だが、そんなDAIKIとも向き合ってくれる先生がいた。

「中学1~2年の担任が授業をサボり続けている僕をずっと追いかけてくる先生で、なんで僕のような生徒に対して真っすぐ向き合えるのかと聞いたときに『見捨てられない』とひとこと言われて。教師になりたいというよりも、この人になりたいと思うようになったんです。それが中学3年に上がるとき。そこから小学生レベルの勉強から始めました」

進学した高校でも勉強を続け、和光大学に進学。いよいよ教員免許取得に挑み、日本で初めて保健体育科の教員免許を取得した軟骨無形成症の人となった。大学卒業後には、東北地方のある公立中学校で教員の道を進むはずだった。ところが卒業式の10日前に連絡があり、突然白紙に。

「先方の都合です。頭が真っ白になりました。ほかの学校で教師になるためには実技もある採用試験を受けるしかありません。筆記はできても、僕の身体上できない実技がある。ある学校では、障害のために実技試験ができなくても、病気などで見学していた人と同様に0点になると言われました。そもそも試験さえ受けさせてくれない学校もありました」

教員免許を取得しても、教師になるのには大きな壁があった。それでも諦めずに、家賃2万円の部屋で奨学金を返済しながら、ときに白飯と魚肉ソーセージだけの食事で過ごしたこともあった。

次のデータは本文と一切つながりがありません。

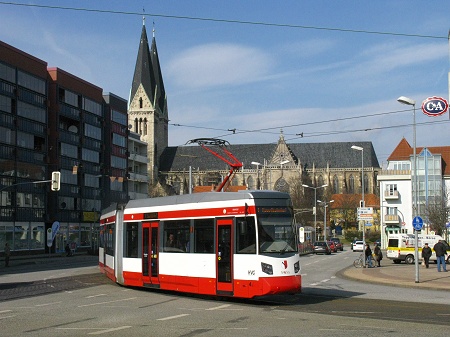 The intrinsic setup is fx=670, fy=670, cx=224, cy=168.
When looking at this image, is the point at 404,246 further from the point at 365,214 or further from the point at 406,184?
the point at 406,184

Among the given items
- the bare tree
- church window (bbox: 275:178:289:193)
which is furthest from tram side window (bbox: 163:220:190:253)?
church window (bbox: 275:178:289:193)

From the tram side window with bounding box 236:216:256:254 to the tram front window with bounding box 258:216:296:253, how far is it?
19cm

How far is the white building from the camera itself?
284ft

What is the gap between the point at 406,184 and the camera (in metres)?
90.5

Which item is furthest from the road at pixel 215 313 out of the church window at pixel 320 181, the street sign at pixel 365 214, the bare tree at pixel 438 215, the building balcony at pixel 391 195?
the church window at pixel 320 181

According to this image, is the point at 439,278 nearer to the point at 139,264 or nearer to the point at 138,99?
the point at 139,264

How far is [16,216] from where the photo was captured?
66625mm

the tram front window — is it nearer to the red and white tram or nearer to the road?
the red and white tram

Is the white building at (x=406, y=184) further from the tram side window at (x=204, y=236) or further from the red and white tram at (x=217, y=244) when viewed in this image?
the tram side window at (x=204, y=236)

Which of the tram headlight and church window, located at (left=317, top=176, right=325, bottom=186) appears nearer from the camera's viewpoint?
the tram headlight

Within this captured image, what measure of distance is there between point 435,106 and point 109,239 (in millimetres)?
13287

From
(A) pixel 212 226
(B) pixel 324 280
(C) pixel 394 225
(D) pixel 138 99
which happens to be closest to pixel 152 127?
(D) pixel 138 99

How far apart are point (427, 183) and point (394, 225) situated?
9.08 meters

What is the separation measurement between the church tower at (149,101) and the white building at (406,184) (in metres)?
61.2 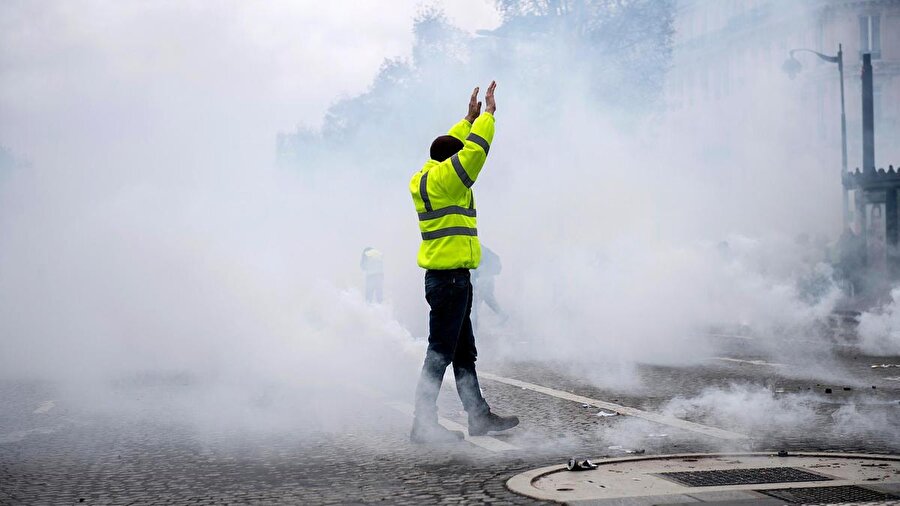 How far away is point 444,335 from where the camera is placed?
6707mm

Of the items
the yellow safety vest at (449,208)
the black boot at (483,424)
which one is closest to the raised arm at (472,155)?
the yellow safety vest at (449,208)

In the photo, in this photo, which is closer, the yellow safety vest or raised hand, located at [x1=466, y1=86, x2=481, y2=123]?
the yellow safety vest

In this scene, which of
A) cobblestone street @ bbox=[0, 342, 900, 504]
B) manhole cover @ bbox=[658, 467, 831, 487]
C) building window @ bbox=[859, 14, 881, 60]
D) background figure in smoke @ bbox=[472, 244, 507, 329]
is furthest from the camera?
building window @ bbox=[859, 14, 881, 60]

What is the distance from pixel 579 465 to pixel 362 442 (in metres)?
1.60

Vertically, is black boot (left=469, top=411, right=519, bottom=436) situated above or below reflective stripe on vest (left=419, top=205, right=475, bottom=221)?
below

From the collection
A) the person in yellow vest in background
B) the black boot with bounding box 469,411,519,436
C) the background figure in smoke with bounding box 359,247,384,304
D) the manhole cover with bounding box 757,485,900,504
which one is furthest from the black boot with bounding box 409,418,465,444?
the background figure in smoke with bounding box 359,247,384,304

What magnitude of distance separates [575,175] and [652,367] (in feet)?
47.6

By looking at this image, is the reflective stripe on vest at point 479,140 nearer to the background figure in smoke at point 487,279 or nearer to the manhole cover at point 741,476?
the manhole cover at point 741,476

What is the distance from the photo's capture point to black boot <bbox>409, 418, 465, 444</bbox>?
656cm

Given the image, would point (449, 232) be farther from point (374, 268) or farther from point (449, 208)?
point (374, 268)

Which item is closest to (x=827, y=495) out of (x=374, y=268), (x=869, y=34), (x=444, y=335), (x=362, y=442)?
(x=444, y=335)

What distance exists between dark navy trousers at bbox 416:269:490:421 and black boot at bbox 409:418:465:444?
44 mm

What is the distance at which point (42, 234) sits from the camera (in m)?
16.8

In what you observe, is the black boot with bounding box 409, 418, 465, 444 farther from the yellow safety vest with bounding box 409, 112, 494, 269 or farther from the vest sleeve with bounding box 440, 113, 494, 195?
the vest sleeve with bounding box 440, 113, 494, 195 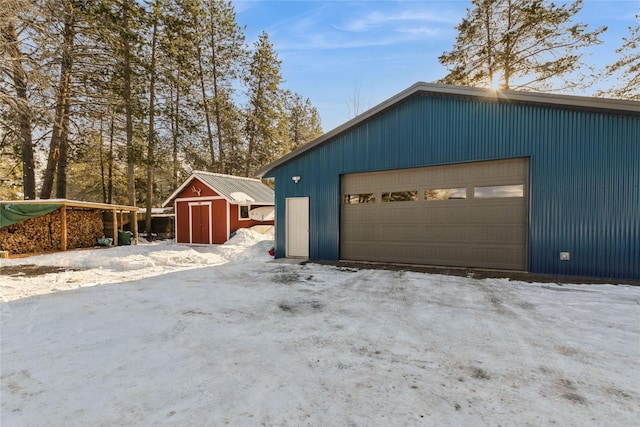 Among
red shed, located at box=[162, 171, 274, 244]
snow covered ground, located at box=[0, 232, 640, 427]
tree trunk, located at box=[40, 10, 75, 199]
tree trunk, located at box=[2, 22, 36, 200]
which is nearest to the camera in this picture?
snow covered ground, located at box=[0, 232, 640, 427]

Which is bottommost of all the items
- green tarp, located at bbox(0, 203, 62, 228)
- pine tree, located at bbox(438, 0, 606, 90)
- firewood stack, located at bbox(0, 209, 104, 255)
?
firewood stack, located at bbox(0, 209, 104, 255)

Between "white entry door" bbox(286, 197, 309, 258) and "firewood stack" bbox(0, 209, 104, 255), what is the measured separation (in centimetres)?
950

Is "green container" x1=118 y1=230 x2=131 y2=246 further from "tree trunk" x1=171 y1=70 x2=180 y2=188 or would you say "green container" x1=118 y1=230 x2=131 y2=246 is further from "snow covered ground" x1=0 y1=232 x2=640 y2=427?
"snow covered ground" x1=0 y1=232 x2=640 y2=427

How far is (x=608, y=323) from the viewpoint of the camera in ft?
12.1

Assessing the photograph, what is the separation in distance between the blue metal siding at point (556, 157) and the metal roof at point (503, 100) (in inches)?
4.8

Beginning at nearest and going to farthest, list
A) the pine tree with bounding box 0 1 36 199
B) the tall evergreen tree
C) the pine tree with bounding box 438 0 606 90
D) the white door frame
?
the pine tree with bounding box 0 1 36 199
the pine tree with bounding box 438 0 606 90
the white door frame
the tall evergreen tree

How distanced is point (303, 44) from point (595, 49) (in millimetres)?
12084

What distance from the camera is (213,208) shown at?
15.4m

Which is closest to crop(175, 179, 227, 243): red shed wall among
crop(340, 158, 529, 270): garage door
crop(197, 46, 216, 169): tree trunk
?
crop(197, 46, 216, 169): tree trunk

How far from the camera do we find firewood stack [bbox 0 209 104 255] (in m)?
10.8

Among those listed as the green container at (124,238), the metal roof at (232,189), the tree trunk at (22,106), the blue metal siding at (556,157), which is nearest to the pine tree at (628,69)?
the blue metal siding at (556,157)

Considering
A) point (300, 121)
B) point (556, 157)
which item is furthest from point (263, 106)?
point (556, 157)

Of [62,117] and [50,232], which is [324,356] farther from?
[62,117]

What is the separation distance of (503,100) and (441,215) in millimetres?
2902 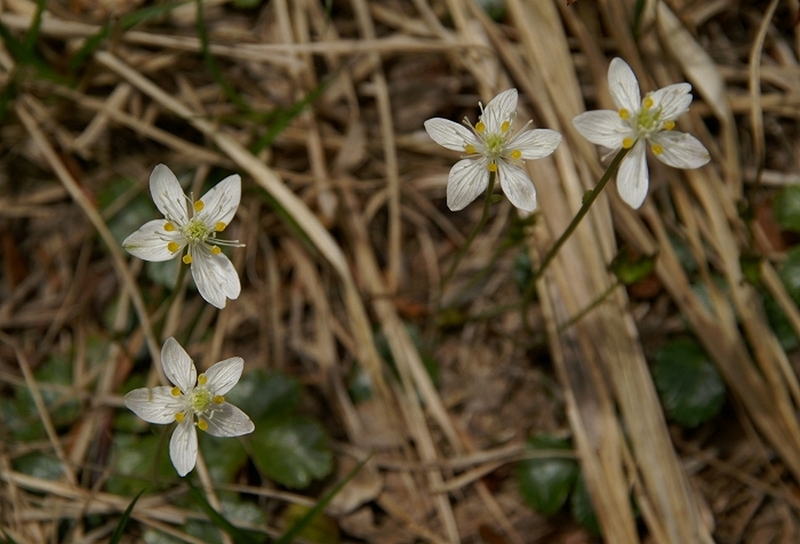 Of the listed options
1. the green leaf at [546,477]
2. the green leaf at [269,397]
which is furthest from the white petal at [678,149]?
the green leaf at [269,397]

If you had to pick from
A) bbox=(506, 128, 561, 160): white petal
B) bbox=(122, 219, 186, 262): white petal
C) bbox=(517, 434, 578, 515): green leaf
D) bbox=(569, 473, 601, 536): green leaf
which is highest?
bbox=(506, 128, 561, 160): white petal

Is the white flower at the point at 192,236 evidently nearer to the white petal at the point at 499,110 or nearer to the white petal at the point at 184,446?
the white petal at the point at 184,446

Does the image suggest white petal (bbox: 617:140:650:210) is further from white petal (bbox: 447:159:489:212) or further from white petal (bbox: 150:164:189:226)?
white petal (bbox: 150:164:189:226)

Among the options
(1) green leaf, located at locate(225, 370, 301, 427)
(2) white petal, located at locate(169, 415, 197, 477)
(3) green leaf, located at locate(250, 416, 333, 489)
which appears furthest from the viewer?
(1) green leaf, located at locate(225, 370, 301, 427)

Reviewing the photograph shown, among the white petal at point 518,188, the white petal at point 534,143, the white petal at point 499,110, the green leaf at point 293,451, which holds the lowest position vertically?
the green leaf at point 293,451

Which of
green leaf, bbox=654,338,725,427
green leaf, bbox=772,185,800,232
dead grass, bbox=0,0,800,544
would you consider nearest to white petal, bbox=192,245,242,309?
dead grass, bbox=0,0,800,544

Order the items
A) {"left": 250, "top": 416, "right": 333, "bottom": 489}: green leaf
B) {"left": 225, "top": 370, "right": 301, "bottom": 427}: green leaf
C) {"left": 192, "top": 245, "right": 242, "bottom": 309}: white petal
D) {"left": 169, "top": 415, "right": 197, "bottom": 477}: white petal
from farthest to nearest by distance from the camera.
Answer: {"left": 225, "top": 370, "right": 301, "bottom": 427}: green leaf, {"left": 250, "top": 416, "right": 333, "bottom": 489}: green leaf, {"left": 192, "top": 245, "right": 242, "bottom": 309}: white petal, {"left": 169, "top": 415, "right": 197, "bottom": 477}: white petal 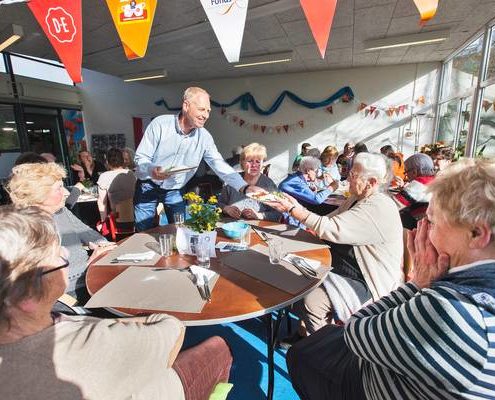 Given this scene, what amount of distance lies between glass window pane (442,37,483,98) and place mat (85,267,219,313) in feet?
20.6

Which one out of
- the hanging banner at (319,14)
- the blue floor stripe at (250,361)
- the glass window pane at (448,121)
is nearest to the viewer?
the blue floor stripe at (250,361)

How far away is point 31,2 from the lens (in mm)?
2119

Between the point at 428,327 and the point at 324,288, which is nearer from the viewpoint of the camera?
the point at 428,327

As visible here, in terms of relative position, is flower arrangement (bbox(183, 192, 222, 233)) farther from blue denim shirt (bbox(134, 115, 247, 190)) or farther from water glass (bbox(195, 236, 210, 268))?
blue denim shirt (bbox(134, 115, 247, 190))

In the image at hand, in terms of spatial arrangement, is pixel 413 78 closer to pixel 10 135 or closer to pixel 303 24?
pixel 303 24

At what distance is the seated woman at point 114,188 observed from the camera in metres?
3.14

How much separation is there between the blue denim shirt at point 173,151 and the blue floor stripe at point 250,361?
3.69ft

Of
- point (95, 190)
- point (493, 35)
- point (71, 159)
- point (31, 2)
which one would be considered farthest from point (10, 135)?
point (493, 35)

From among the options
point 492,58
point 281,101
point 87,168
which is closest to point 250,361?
point 87,168

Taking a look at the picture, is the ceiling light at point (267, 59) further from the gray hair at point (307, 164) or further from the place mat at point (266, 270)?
the place mat at point (266, 270)

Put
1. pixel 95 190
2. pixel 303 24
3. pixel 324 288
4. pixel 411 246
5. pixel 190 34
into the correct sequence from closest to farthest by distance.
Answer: pixel 411 246 → pixel 324 288 → pixel 95 190 → pixel 303 24 → pixel 190 34

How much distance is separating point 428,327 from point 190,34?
524 centimetres

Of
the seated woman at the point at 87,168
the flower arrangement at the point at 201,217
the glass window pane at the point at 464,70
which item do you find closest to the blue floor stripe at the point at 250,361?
the flower arrangement at the point at 201,217

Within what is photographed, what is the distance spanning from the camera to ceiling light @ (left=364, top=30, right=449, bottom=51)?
477 cm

「バイトもことごとく断られますからね。書類で落とされたり、面接で、この体を見て『帰ってくれ』と言われたことも。社会人1年目はそんな状況で、『仕事にできるのはダンスしかない』という事実を受け止めました」

悔しい思いはしたが、中学時代に芽生えたもう一つの夢、ダンスに目標を切り替えた。